It was the Unison Preservation Society that recognized the importance of this little known event and worked to put all 8000 acres of the pristine battlefield that surrounds our town onto the Virginia and National Registers.
The Unison Preservation Society is proud to share the following:
HOUSE JOINT RESOLUTION NO. 860
Agreed to by the House of Delegates, February 15, 2013
Agreed to by the Senate, February 21, 2013
Commending the Unison Preservation Society.
Patron-- J. Randell Minchew - Virginia House of Delegates
WHEREAS, the Unison Preservation Society, a nonprofit group dedicated to the care and protection of the historic Village of Unison, received the Preservationist of the Year award on May 24, 2012; and
WHEREAS, nestled between picturesque horse farms and beautiful estates, the Village of Unison has maintained the same quiet charm since it was founded in the 1730s; and
WHEREAS, incorporated in 2001, the Unison Preservation Society (UPS) has worked closely with landowners, stakeholders, Civil War historians, and state and federal authorities in and around the Village of Unison and throughout the Commonwealth to study, secure, and maintain battlefields; educate the public about the area’s history; and beautify the village through tree planting and clean-up initiatives; and
WHEREAS, every year, the Loudoun Preservation Society honors one individual or group that has made exceptional contributions to preservation efforts in Loudoun County with the Preservationist of the Year award; and
WHEREAS, the UPS received the award for creating the Unison Battlefield Historic District on the 8,000-acre site of the American Civil War Battle of Unison; the result of a six-year project, the Unison Battlefield Historic District was added to state and national landmark registries in 2011; and
WHEREAS, the Village of Unison remains one of the best-preserved original Loudoun County settlements thanks largely to the efforts of the volunteers at the UPS; now, therefore, be it
RESOLVED by the House of Delegates, the Senate concurring, That the General Assembly hereby commend the Unison Preservation Society and its dedicated citizen-leaders for receiving the Preservationist of the Year award for their outstanding work in rekindling the historical appreciation of the November 1862 Battle of Unison and preserving the scenic and historical vistas of the Unison community for future generations; and, be it
RESOLVED FURTHER, That the Clerk of the House of Delegates prepare a copy of this resolution for presentation to the Unison Preservation Society as an expression of the General Assembly’s admiration for the organization’s achievements in preserving the history of the Village of Unison.

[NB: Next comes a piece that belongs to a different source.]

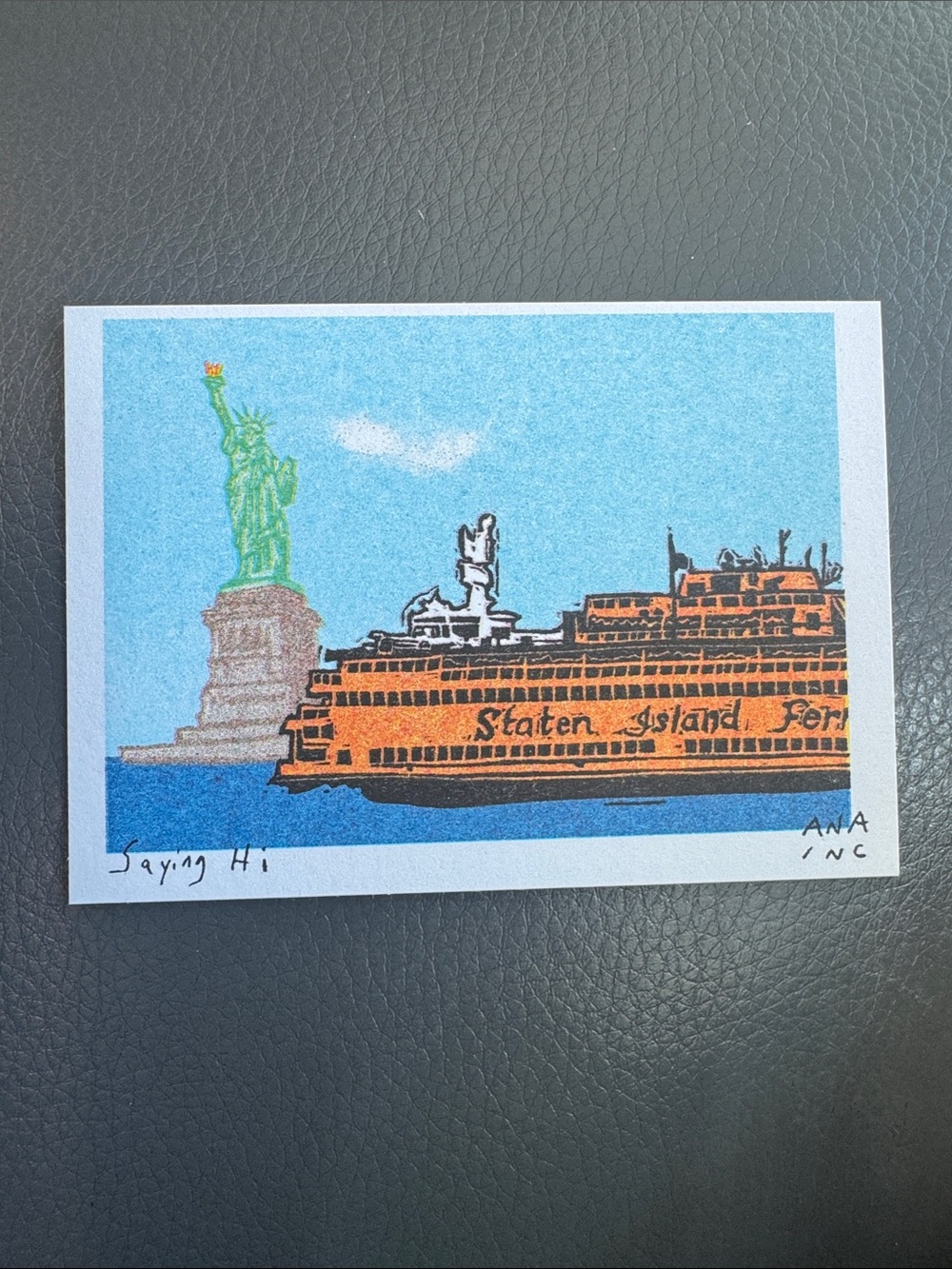 Inciardi - Staten Island Ferry - CUSTOM PRINT- RARE- Saying Hi - Mini Print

Potential VDOT Work on Historic Bridges in Battlefield Area
VDOT has announced plans to work on three bridges in Loudoun county, and two of these bridges are on the gravel section of Green Garden Road inside of the Unison Battlefield. A public briefing was provided by VDOT on January 9, 2013 with many neighbors and organizations in attendance to voice their concern about the VDOT plans. The Unison Preservation Society had four members of their board of directors in attendance at the meeting. In addition, UPS sent a letter to both VDOT and Janet Clark, the county supervisor for the Unison area, to express our concerns about the bridge work.
At present, UPS is considering how to best address the issues raised by the planned bridge work and by early February this site will be updated with our plan of action including how best to coordinate with the various neighbors and organizations who have similar concerns.
Unison Heritage Day 2012
150th Anniversary of the Battle of Unison
and celebration of new Unison Battlefield Historic District
Thanks to everyone who came out to enjoy this year's annual celebration -held Saturday, Oct 27th, 2012 from Noon to 4pm. The 2012
Unison Heritage Day was a commemoration of the 150th anniversary of the little known Civil War Battle of Unison and a celebration of the new Unison Battlefield Historic District, already being called one of the nation’s best preserved places.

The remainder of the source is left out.